Wójt przypomina, że dane osób zakażonych są chronione prawem Unii Europejskiej. „Ponadto, zgodnie z treścią ustawy o prawach pacjenta oraz Rzeczniku Praw Pacjenta osoba będąca pacjentem (w przypadku osób hospitalizowanych lub leczonych w związku z chorobą COVID-19) ma prawo do zachowania w tajemnicy przez osoby wykonujące zawód medyczny informacji z nim związanych, a uzyskanych w związku z wykonywaniem zawodu medycznego. Urząd Gminy Komańcza również nie jest podmiotem uprawnionym do ujawnienia informacji objętych tajemnicą zawodową. Należy podkreślić iż przepisy ustawy kodeks cywilny chronią dobra osobiste każdej osoby, w tym poszanowanie prawa do prywatności i w takim zakresie bezprawne ujawnienie informacji o osobach objętych działaniami związanymi ze zwalczaniem epidemii COVID-19 skutkuje odpowiedzialnością na gruncie prawa cywilnego.”
100 zakażonych w regionie
Podkarpacki Państwowy Wojewódzki Inspektor Sanitarny poinformował dziś, od początku wdrożenia badań w kierunku koronawirusa SARS CoV2 w laboratorium Wojewódzkiej Stacji Sanitarno-Epidemiologicznej wykonano 2767 testów.
Badaniami laboratoryjnymi potwierdzono 106 przypadków zakażenia koronawirusem SARS-COS-2, 6 osób wyzdrowiało. Odnotowano 4 zgony. - Z przykrością informujemy, że 2 kwietnia zmarła pacjentka w starszym wieku w szpitalu w Łańcucie - mówi Dorota Gibała.
Nowe 2 potwierdzone przypadki to: młoda kobieta z powiatu ropczycko-sędziszowskiego, która znajduje się w ścisłej kwarantanna oraz kobieta w sile wieku z powiatu tarnowskiego, hospitalizowana.
W czwartek przed południem Ministerstwo Zdrowia poinformowało o 79 nowych przypadkach zakażenia koronawirusem i o śmierci dwóch kolejnych osób. Zmarli to 59-letni mężczyzna ze szpitala w Tychach oraz 88-letnia kobieta ze szpitala w Łańcucie, która miała choroby współistniejące. W sumie w Polsce zdiagnozowano 2633 przypadki infekcji, a 45 osób zmarło.
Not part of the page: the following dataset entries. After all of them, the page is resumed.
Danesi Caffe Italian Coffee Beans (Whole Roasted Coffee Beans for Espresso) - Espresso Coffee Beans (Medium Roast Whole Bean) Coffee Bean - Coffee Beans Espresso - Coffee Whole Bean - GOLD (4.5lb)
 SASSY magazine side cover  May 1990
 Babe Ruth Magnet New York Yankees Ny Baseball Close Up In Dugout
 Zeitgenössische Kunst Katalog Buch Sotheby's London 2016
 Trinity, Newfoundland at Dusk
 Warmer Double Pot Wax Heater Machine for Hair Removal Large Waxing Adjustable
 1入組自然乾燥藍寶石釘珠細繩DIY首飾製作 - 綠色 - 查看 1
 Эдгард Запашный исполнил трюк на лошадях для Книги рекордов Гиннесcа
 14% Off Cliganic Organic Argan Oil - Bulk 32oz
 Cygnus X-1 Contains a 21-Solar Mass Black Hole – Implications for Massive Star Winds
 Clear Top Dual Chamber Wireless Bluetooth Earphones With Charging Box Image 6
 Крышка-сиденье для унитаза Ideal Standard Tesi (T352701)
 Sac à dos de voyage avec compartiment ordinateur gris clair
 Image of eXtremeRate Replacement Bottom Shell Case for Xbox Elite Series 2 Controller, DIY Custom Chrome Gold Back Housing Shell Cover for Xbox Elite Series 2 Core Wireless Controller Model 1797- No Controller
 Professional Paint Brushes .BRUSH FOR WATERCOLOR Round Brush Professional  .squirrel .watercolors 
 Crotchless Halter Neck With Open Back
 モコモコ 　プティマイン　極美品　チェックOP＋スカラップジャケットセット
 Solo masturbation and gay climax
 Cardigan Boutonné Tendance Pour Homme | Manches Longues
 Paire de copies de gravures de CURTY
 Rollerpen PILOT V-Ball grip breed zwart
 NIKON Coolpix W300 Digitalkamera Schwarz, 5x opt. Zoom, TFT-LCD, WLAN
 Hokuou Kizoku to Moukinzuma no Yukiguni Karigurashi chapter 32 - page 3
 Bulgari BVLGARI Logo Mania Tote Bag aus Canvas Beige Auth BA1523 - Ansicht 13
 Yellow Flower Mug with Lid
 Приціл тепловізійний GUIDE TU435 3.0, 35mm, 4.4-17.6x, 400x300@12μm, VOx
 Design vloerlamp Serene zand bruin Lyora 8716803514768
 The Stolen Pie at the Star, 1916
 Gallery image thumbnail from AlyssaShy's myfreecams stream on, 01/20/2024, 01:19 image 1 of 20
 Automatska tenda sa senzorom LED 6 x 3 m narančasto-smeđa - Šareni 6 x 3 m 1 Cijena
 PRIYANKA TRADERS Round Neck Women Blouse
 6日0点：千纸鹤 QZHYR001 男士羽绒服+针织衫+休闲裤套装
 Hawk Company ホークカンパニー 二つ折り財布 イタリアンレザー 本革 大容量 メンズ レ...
"Mamy 79 nowych przypadków zakażenia koronawirusem, potwierdzonych pozytywnym wynikiem testów laboratoryjnych. Potwierdzone przypadki dotyczą: 22 osób z woj. śląskiego, 14 osób z woj. lubelskiego, 12 osób z woj. wielkopolskiego, 11 osób z woj. małopolskiego, 5 osób z woj. pomorskiego, 4 osób z woj. dolnośląskiego, 3 osób z woj. opolskiego, 3 osób z woj. warmińsko-mazurskiego, 2 osób z woj. łódzkiego, 2 osób z woj. zachodniopomorskiego oraz 1 osoby z woj. świętokrzyskiego" - czytamy w komunikacie resortu.